Doll kits and figures – history

Doll kits and figures – history

Martin Luther

Martin Luther was born in Eisleben on 10th November 1483. From 1488 to 1501 he was a pupil in Mansfeld and Eisenach. Afterwards he read law in Erfurt. He narrowly escaped being struck by lightning during a thunderstorm and this experience prompted him to enter a monastery in 1505. As was usual in his day, he firmly believed in a severe, judging God and gave himself heavy penances. From 1508 he studied Theology in Wittenberg and graduated in the year 1510.
At the time of Luther, the Church allowed letters of indulgence to be sold. In this way, devout people were supposed to be absolved from God’s punishment for sins committed. The proceeds from the letters of indulgence were designated for the building of St. Peter’s Basilica in Rome.

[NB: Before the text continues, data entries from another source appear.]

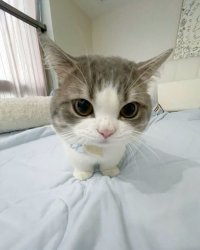 Yigido1243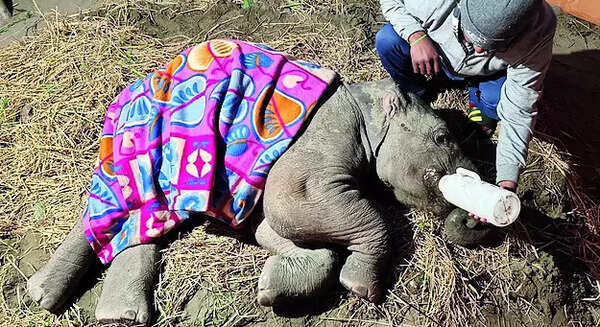 Hurt in mishap, baby elephant gets physio's care for recovery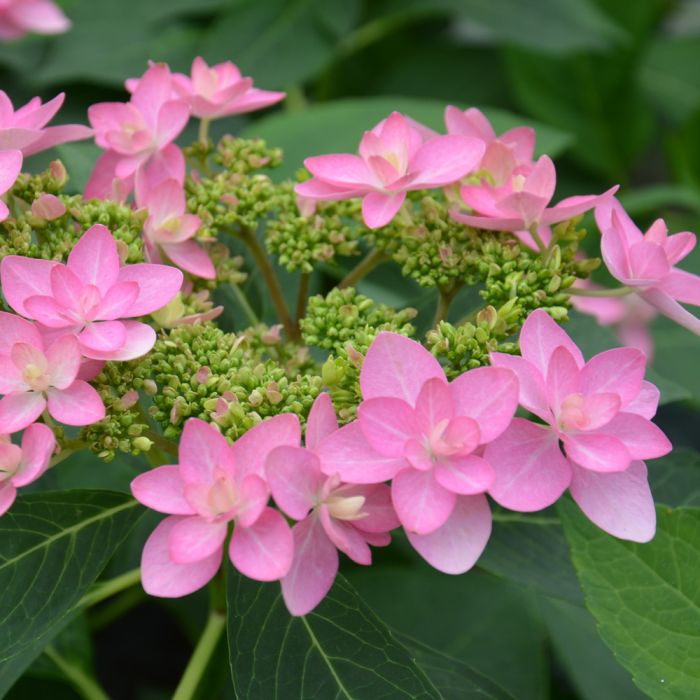 Hortensia macrophylla
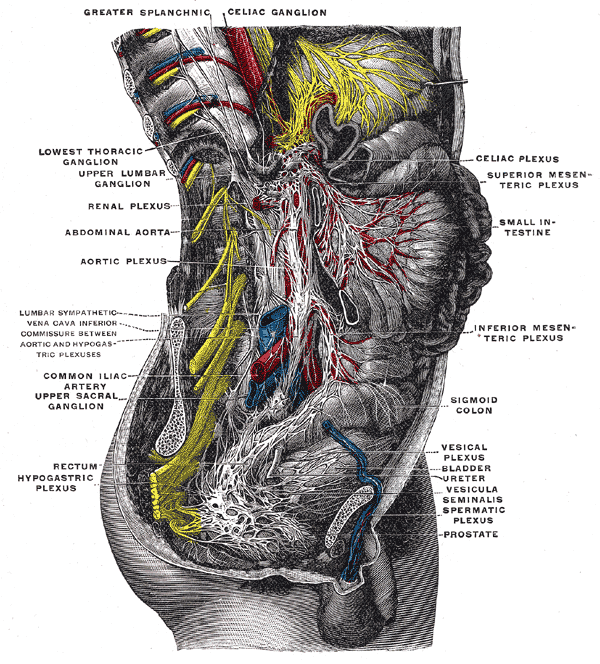File:Gray849.png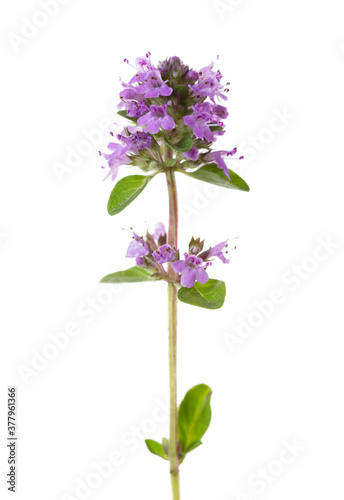 Blooming Wild Thyme (Thymus serpyllum) isolated on white background. Selective focus.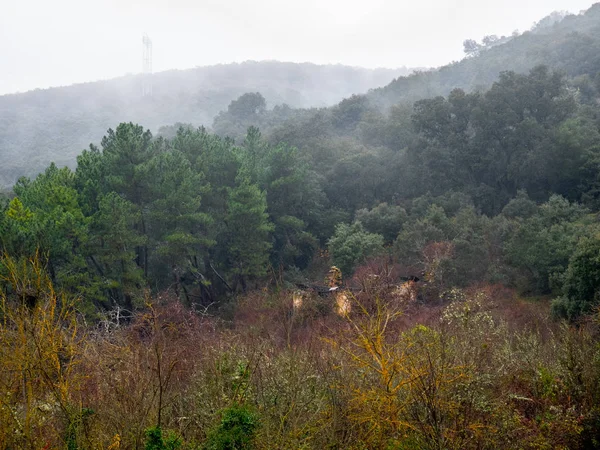 Casa Ruinas Medio Bosque Rodeado Árboles Niebla Día Lluvioso —  Fotos de Stock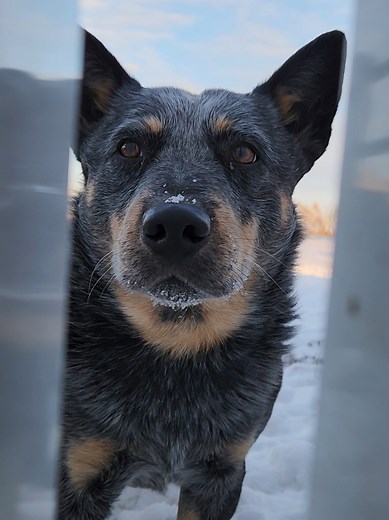 Understanding the Needs of Blue Heelers in Apartments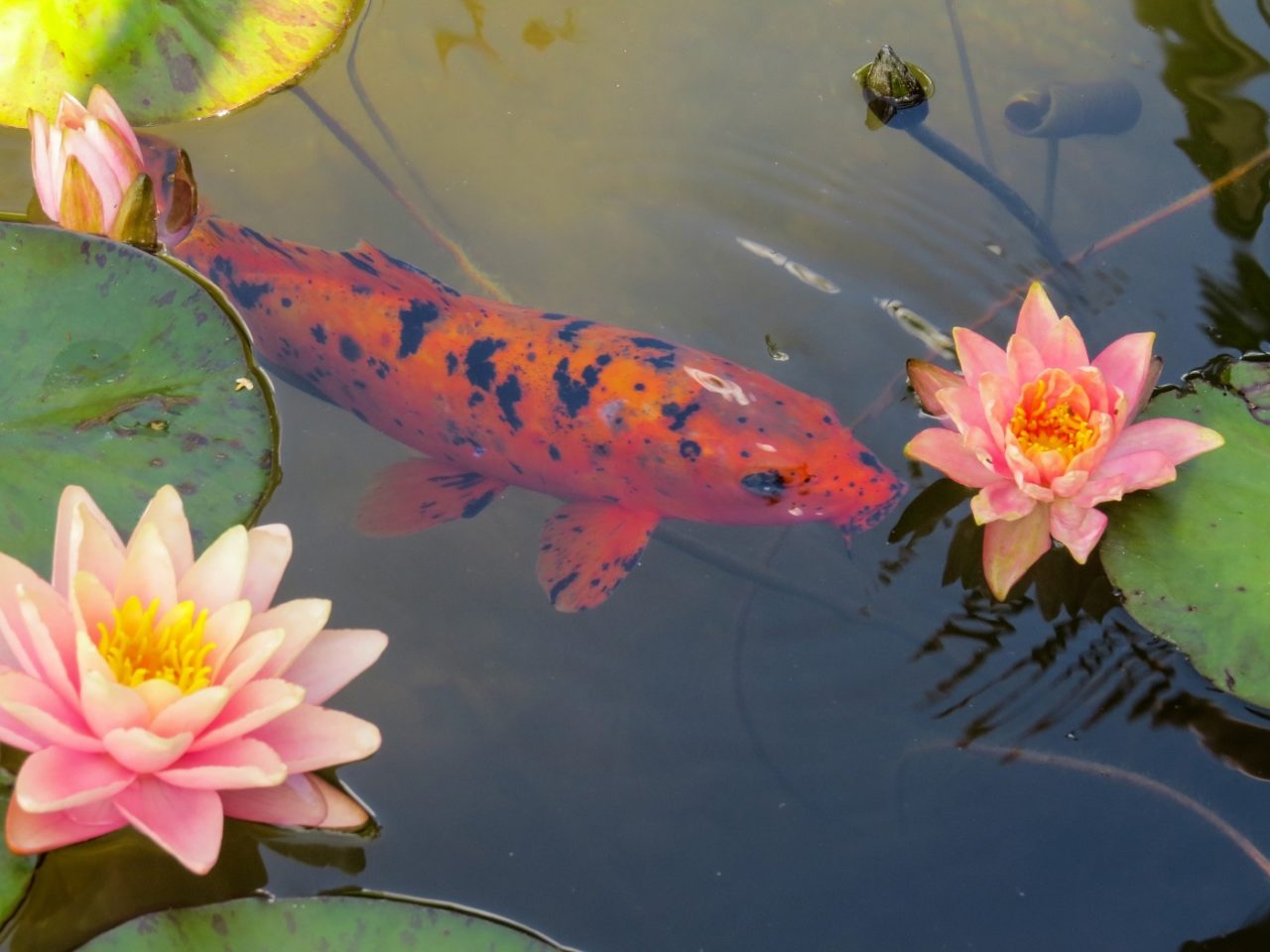 Fische im Seerosenteich
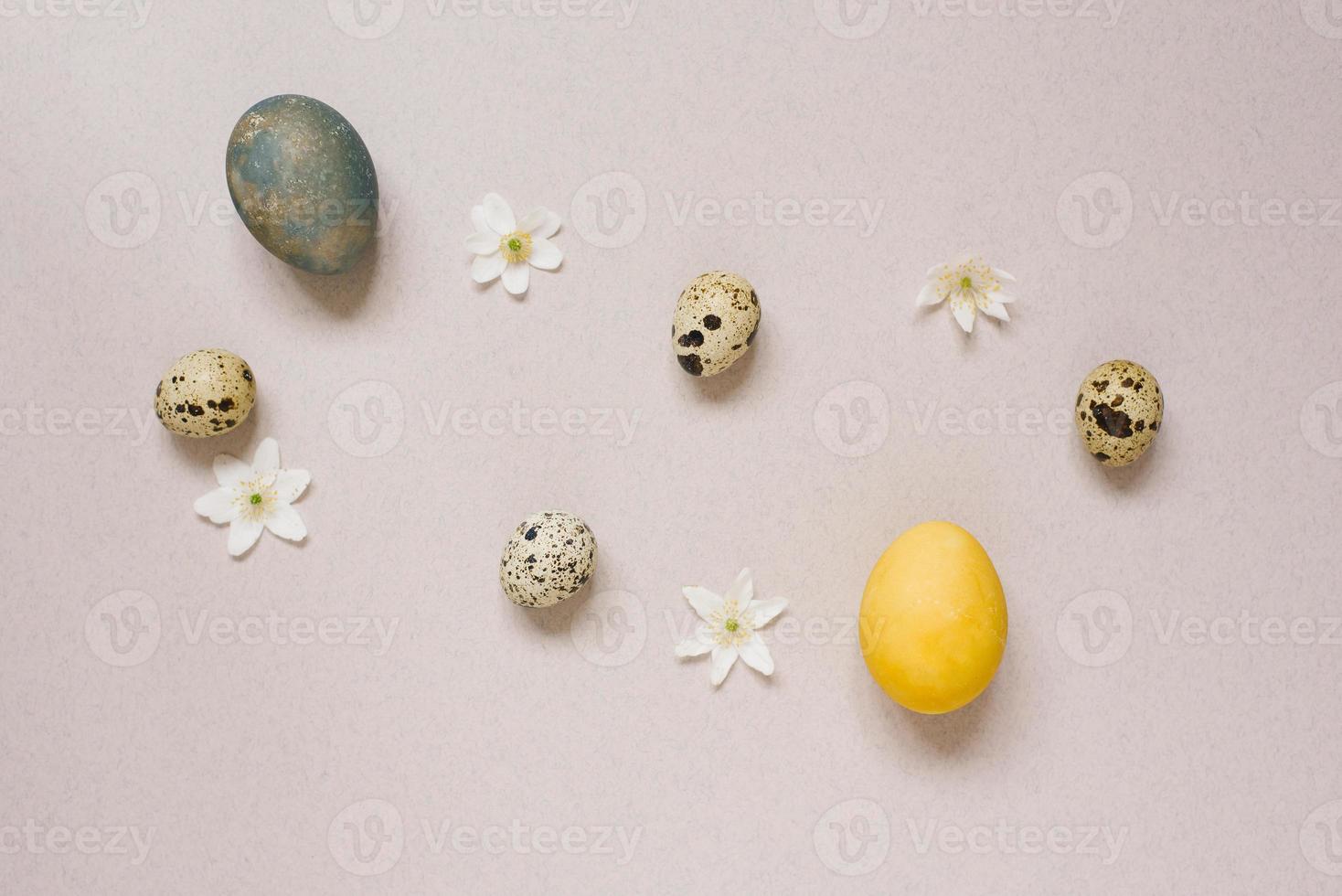 Top view of the Happy Easter holiday background concept decoration arrangements. There was a quail egg and a chicken Easter egg with white flowers on the beige table. photo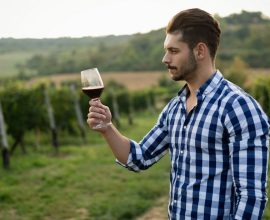 Cheers to the Ancients: Honoring the Bronze Age Vinters Who Transformed Grapes into Timeless Treasures 3,200 Years Ago!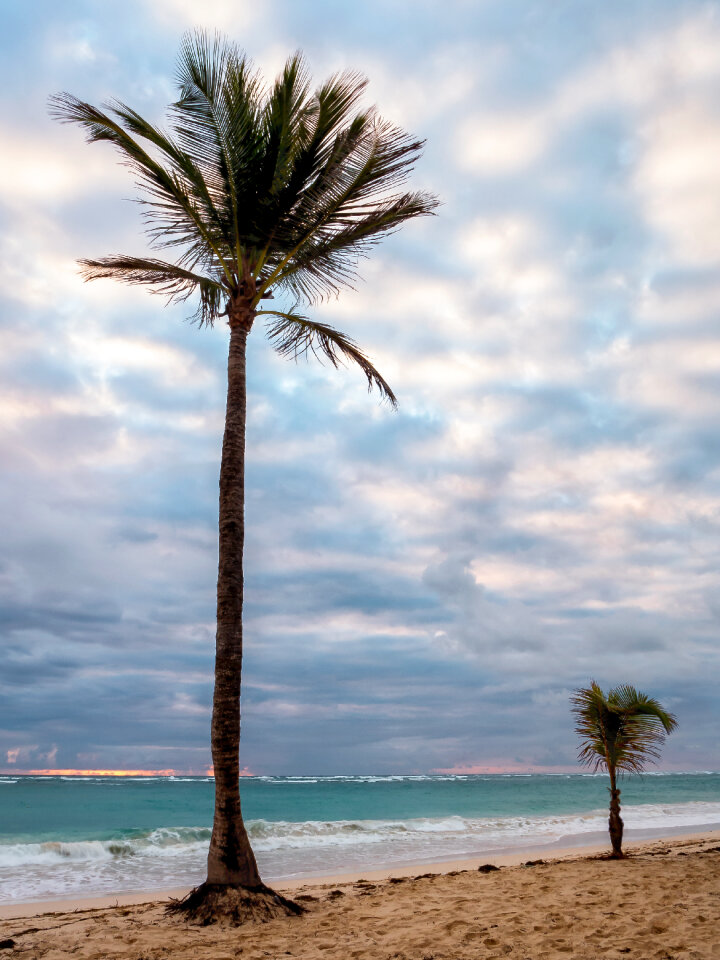 Tropical Beach photo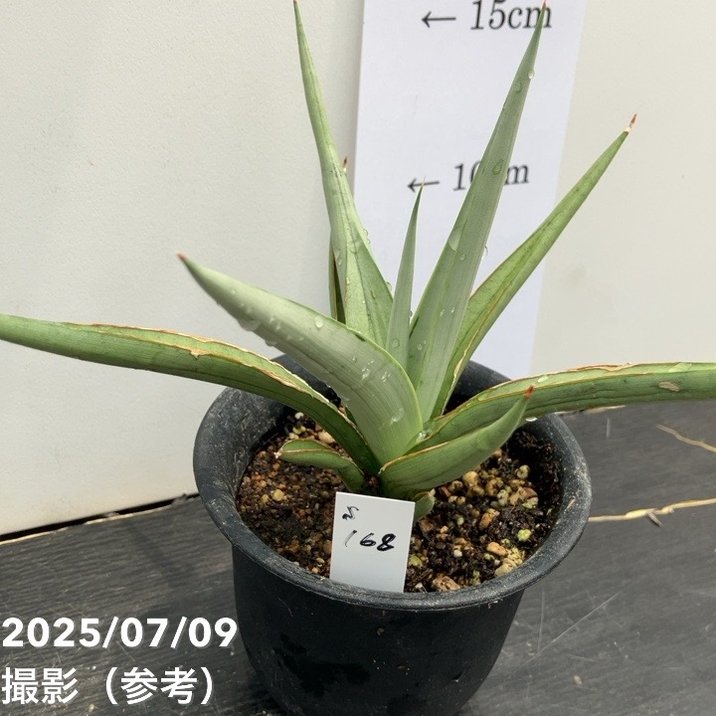 現品お届け】サンスベリア 3号 ダンシングドラゴン（S168）｜観葉02-D2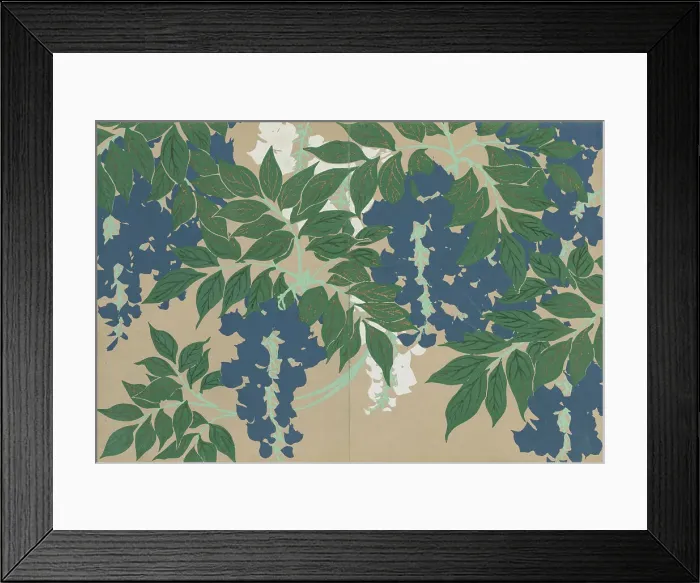 Framed Print : Wisteria (Fuji). From the series A World of Things (Momoyogusa), 1909-1910. Creator: Sekka, Kamisaka (1866-1942). Wisteria (Fuji). From the series A World of Things (Momoyogusa), 1909-1910. Creator: Sekka, Kamisaka (1866-1942) Framed Print : Wisteria (Fuji). From the series A World of Things (Momoyogusa), 1909-1910. Creator: Sekka, Kamisaka (1866-1942). Wisteria (Fuji). From the series A World of Things (Momoyogusa), 1909-1910. Creator: Sekka, Kamisaka (1866-1942)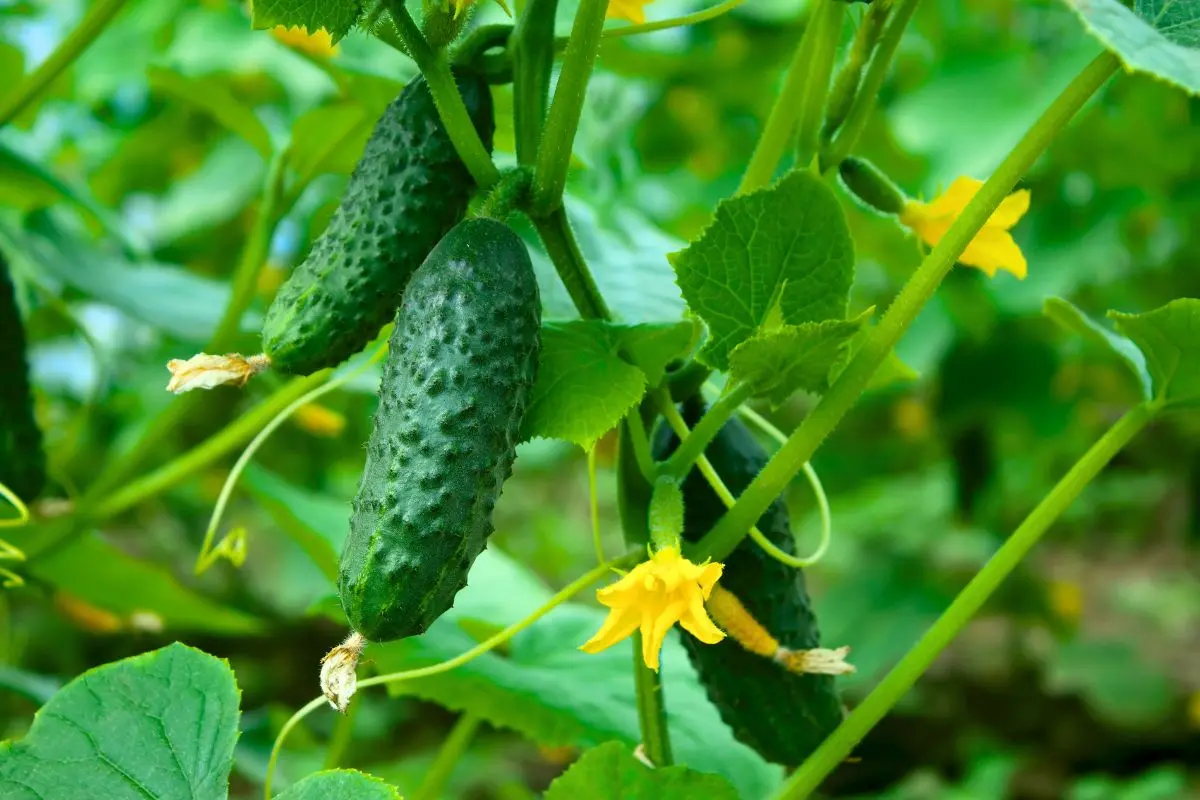 concombres-:-le-geste-simple-qui-double-votre-recolte,-mais-que-trop-de-jardiniers-ignorent-!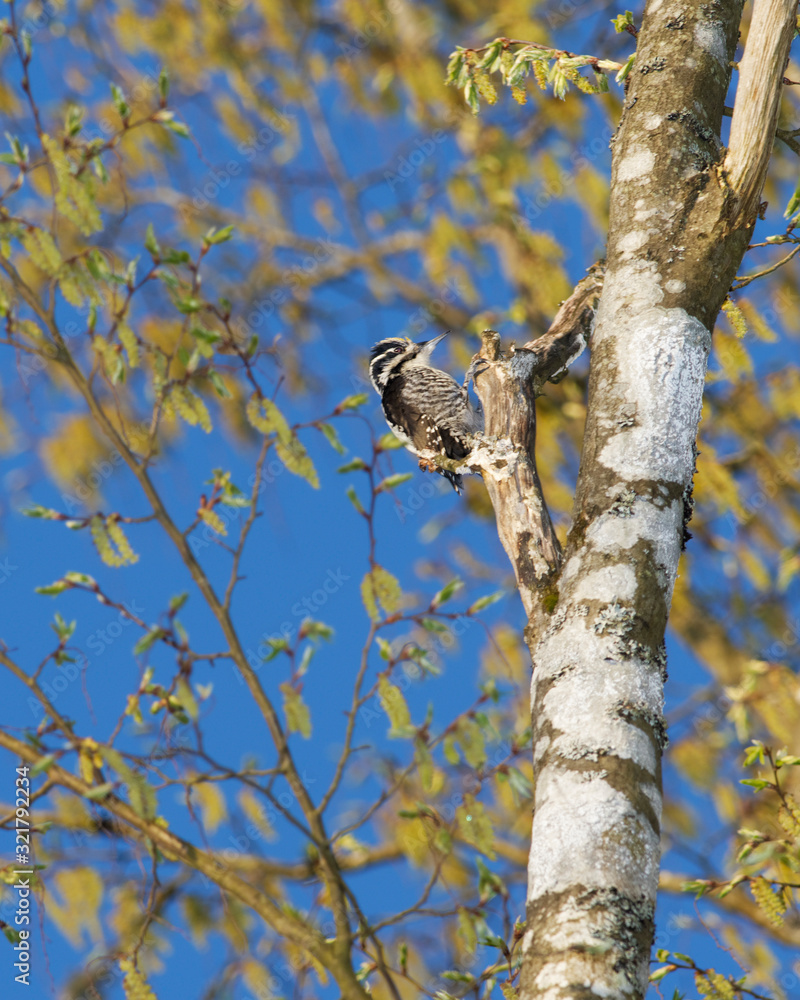 Fototapeta premium Eurasian Three-Toed Woodpecker, Bialowieza National Park, Poland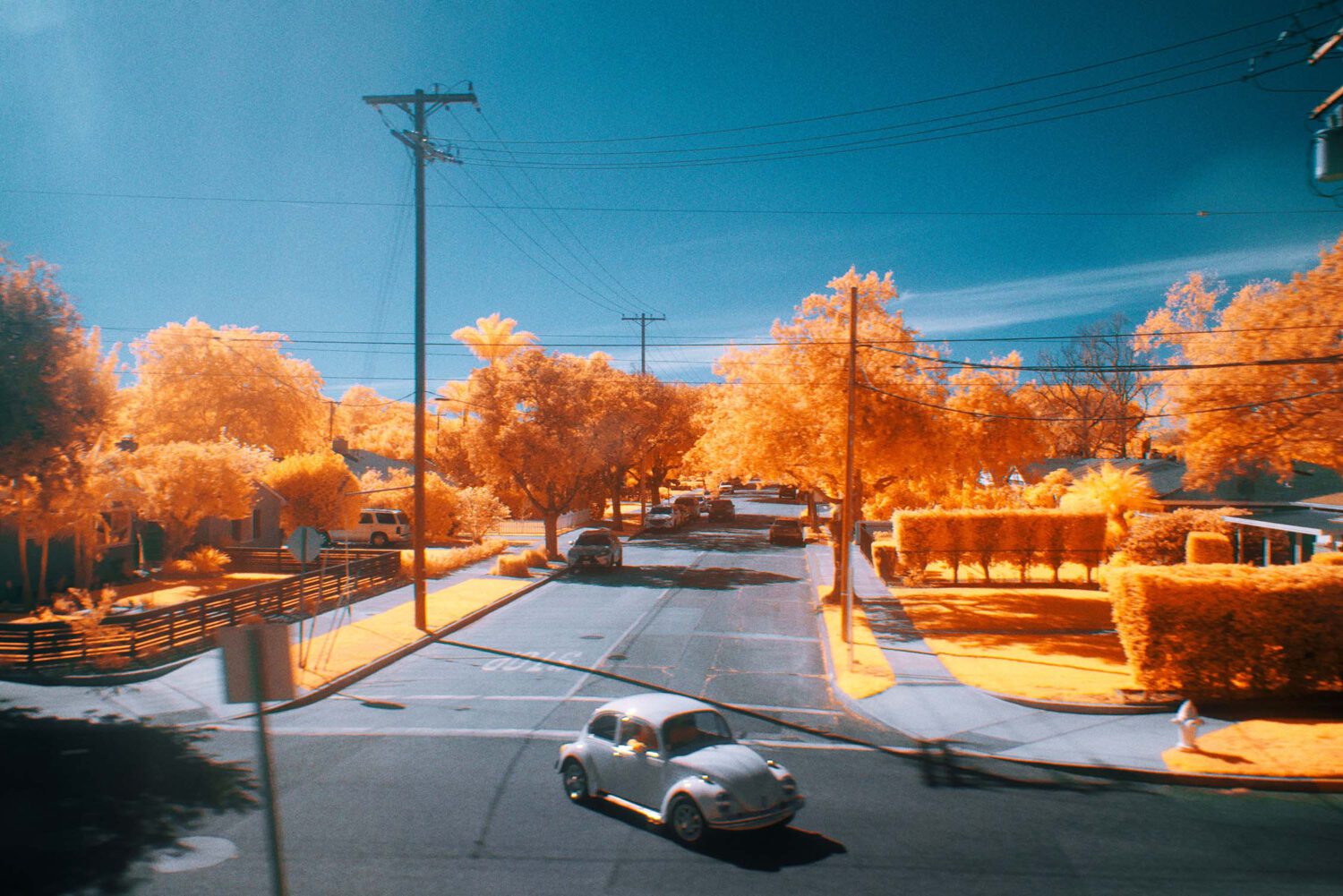 Harvest Digital Agriculture - PHOTO SERIES // CALIFORN-IR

Luther was so angry about this that in October 1517 he wrote 95 theses against the selling of indulgences. According to tradition, he nailed the theses on the door of the Schlosskirche (castle church) in Wittenberg. He had intensively concerned himself with St. Paul’s epistles and preached that God was gracious and reached out to the people. In other texts he spread a new teaching according to which only faith and the grace of God could make man reconciled to God. For this reason he was excommunicated in 1520. Luther publicly set fire to the bull of excommunication. At the Imperial Diet in Worms in 1521 he was ordered to revoke his writings, but Luther refused to recant. Whether it was on this occasion that he spoke his famous sentence: “Here I stand, I can do no other” is not historically proven.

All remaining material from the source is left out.